La industria textil argentina registra un nuevo caso de dificultades con la presentación de Textilana a concurso de acreedores, una situación que refleja el deterioro general del sector. Guillermo Fassano, presidente de la Cámara Textil de Mar del Plata, afirmó: «Nosotros venimos diciendo hace un año que esta situación es insostenible». El dirigente destacó el carácter emblemático de la empresa afectada y explicó que su decisión responde a una lógica estrictamente económica.

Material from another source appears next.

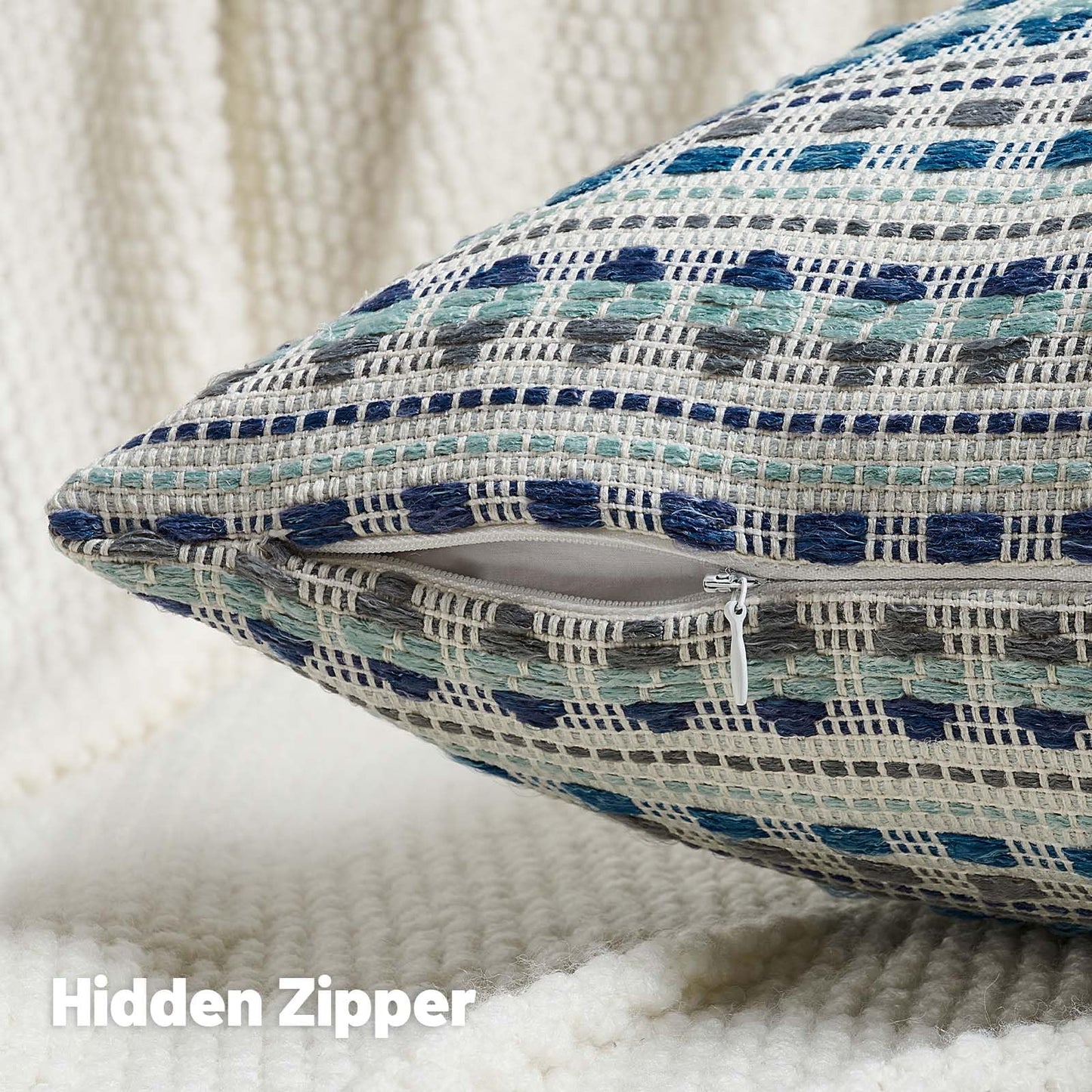 FUTEI Pack of 2 Chenille Jacquard Throw Pillow Covers 18x18 Inch Soft Cozy Woven Embroidery Coastal Decorative Cushion Case Boho Farmhouse Accent for Couch Bed Living Room, Blue Grey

Fassano señaló que la falta de recuperación del consumo terminó forzando la medida. Para el referente, este caso no es aislado, sino un síntoma claro de la crisis que atraviesan las pymes textiles. «Es una señal clarísima de cómo está la situación», afirmó, al tiempo que advirtió que muchas empresas más pequeñas sobreviven por factores emocionales o de inercia, pero enfrentan el mismo escenario adverso.

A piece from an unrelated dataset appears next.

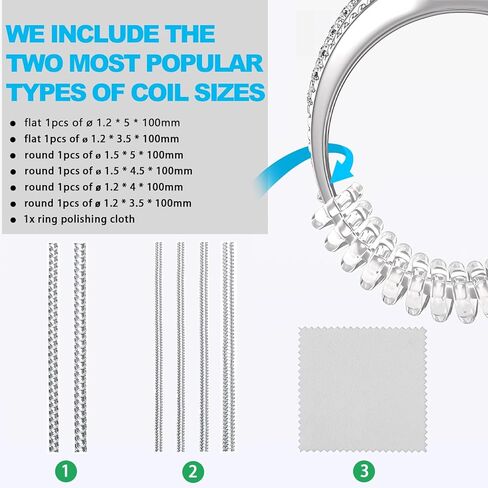 مقاسات الحلقات للحلقات الفضفاضة، واقيات الحلقات للحلقات الفضفاضة تناسب أي حلقات، أداة ضبط حجم الحلقة غير المرئية لا تنزلق ولا تدور (12 قطعة) in Kuwait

Uno de los ejes centrales del problema es la caída del poder adquisitivo. «Tenemos que señalar a una percepción de la gente de sueldos e ingresos que no alcanzan», explicó, lo que impacta directamente en la demanda de productos textiles. A esto se suma un factor clave: el acceso al crédito. Fassano describió el panorama actual: «Hoy no tenemos crédito, el sistema financiero es destructivo de la producción». Las altas tasas de interés desalientan el consumo y complican aún más la actividad.
Más allá de la coyuntura, Fassano puso el foco en cuestiones estructurales que afectan al sector desde hace años. «No se puede sobrevivir a los problemas estructurales», afirmó, enumerando factores como la alta carga impositiva, la burocracia y la falta de políticas de apoyo a las pymes. En este contexto, también se refirió a la apertura a productos importados. «Es una pena que se le regale el mercado interno», expresó, en referencia a medidas que, según su visión, perjudican a la producción nacional.
A pesar de este escenario, el dirigente descartó una desaparición total de la industria, aunque sí anticipó una reconversión. «El pullover marplatense no va a desaparecer porque tiene una calidad internacional», sostuvo, aclarando que el sector deberá adaptarse a nuevos nichos y formas de comercialización. Sin embargo, el panorama inmediato sigue siendo complejo. Cierres recientes de empresas históricas y la posibilidad de nuevas bajas reflejan la gravedad del momento.